With these standards in mind, we conclude that the district court erred in denying Ashley Creek's motion to dismiss this particular wrongful use of civil proceedings claim because the claim is deficient on its face. Although Chevron and SF alleged that Ashley Creek involved them in administrative and state court litigation regarding the validity of the pipeline right-of-way, they do not allege that such litigation was undertaken without probable cause and for an improper purpose. See Ince, 981 P.2d at 846 (setting out essential elements of wrongful use of civil proceedings claim); Restatement (Second) of Torts § 674 (1977); id. § 681A (noting that it is plaintiff's burden to prove lack of probable cause and improper purpose). Instead, the counterclaim merely alleges that Ashley Creek involved Chevron and SF in costly litigation which Ashley Creek ultimately lost. This is in stark contrast to the other two segments of Chevron's and SF's counterclaims which specifically allege both the lack of probable cause and improper purpose elements. Accordingly, taking as true the allegations set out in this one segment of the counterclaims, and drawing all reasonable inferences in favor of Chevron and SF, the counterclaims fail to state a viable claim upon which relief could be granted.22
The district court's order denying Ashley Creek's motion to dismiss Chevron's and SF's counterclaims related to litigation involving the validity of the right-of-way is hereby reversed and the matter is remanded to the district court to dismiss the claims with prejudice. The remainder of the appeal is dismissed for lack of Article III jurisdiction.

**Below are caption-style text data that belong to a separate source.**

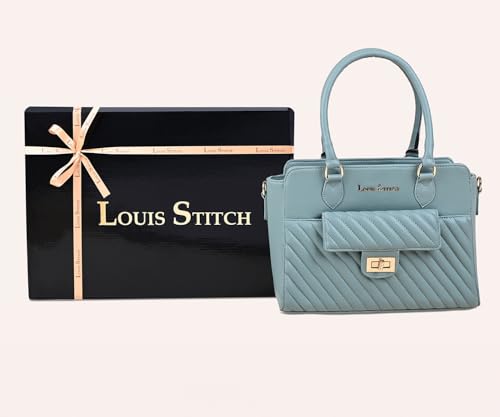 LOUIS STITCH Green Stylish Handbag for Women | Multi Pocket Ladies Satchel Sling Handbag for Travel, Office, College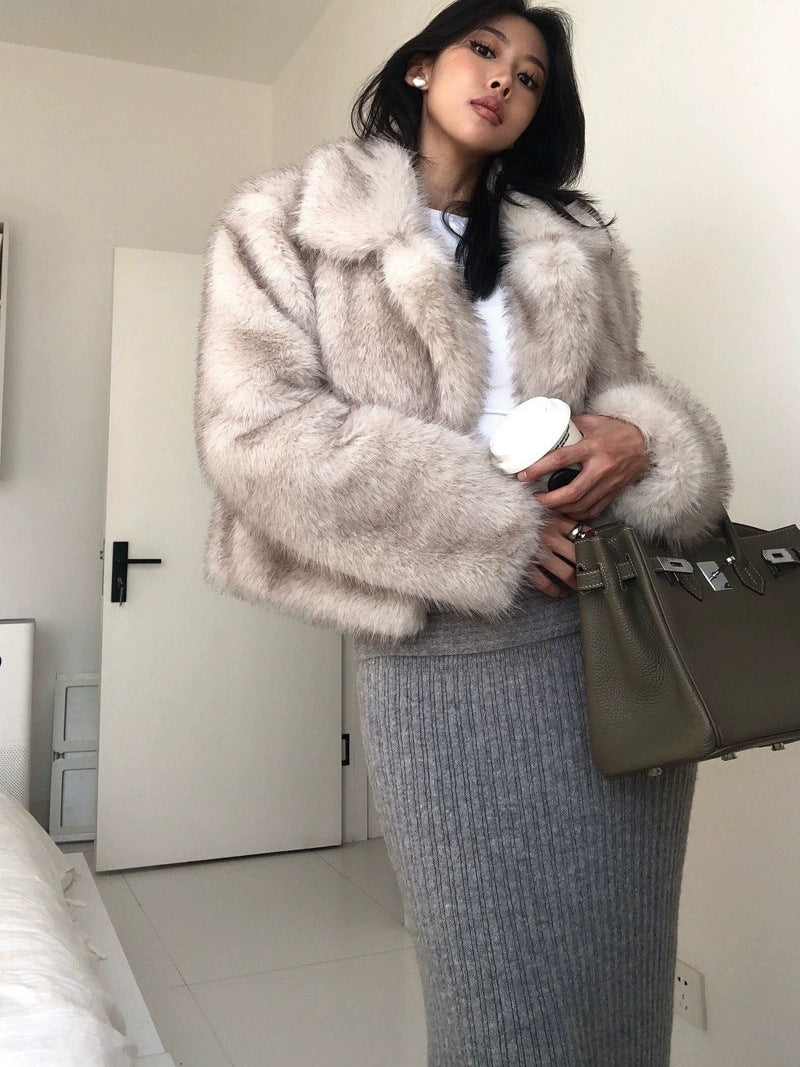 faux wool suit collar imitation fur cropped coat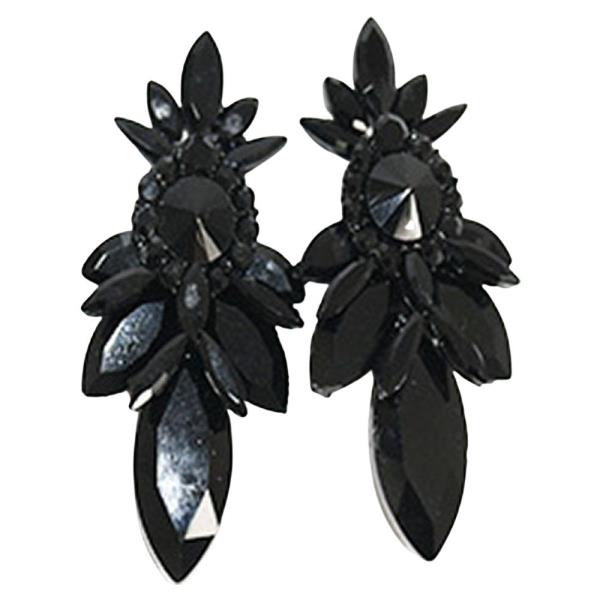 RHINESTONE CRYSTAL STONE MARQUISE CLUSTER STATEMENT STUD EARRING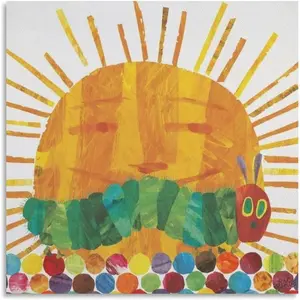 Eric Carle Poster Prints The Very Hungry Caterpillar Children's Book Illustrations Picture Print Wall Art Poster Canvas Posters Artworks Room Aesthetic 20x20inch(50x50cm)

For those reasons set out above, the United States District Court for the District of Utah is hereby AFFIRMED in Nos. 01-4017 and 01-4031. In No. 01-4066, the appeal is DISMISSED in part, the district court is REVERSED in part, and the matter is REMANDED to the district court for further proceedings consistent with this opinion. All other outstanding motions are hereby DENIED.
1. When Chevron purchased the Vernal phosphate mine it assumed an existing phosphate sales contract with Cominco, Ltd., a phosphate fertilizer producer in western Canada. Prior to the time the pipeline became operational, Chevron supplied Cominco by trucking phosphate to a railhead near Park City, Utah. In 1988, Cominco cancelled its phosphate contract with Chevron, concluding that it could obtain all the phosphate it needed at a lower cost from its own mining operations. Neither Chevron nor its successor-in-interest, SF, ever sold phosphate concentrate to a third-party after 1988, despite repeatedly trying to find outsider purchasers. During the entire time Chevron owned and operated the pipeline, no additional phosphate mines were developed in the United States and, after 1988, there were no third-party phosphate sales from a western United States phosphate mine. In 1992, Chevron completely exited the business by selling its interest in the entire integrated fertilizer project to SF for $64 million, only half of what it paid for the Vernal mine alone.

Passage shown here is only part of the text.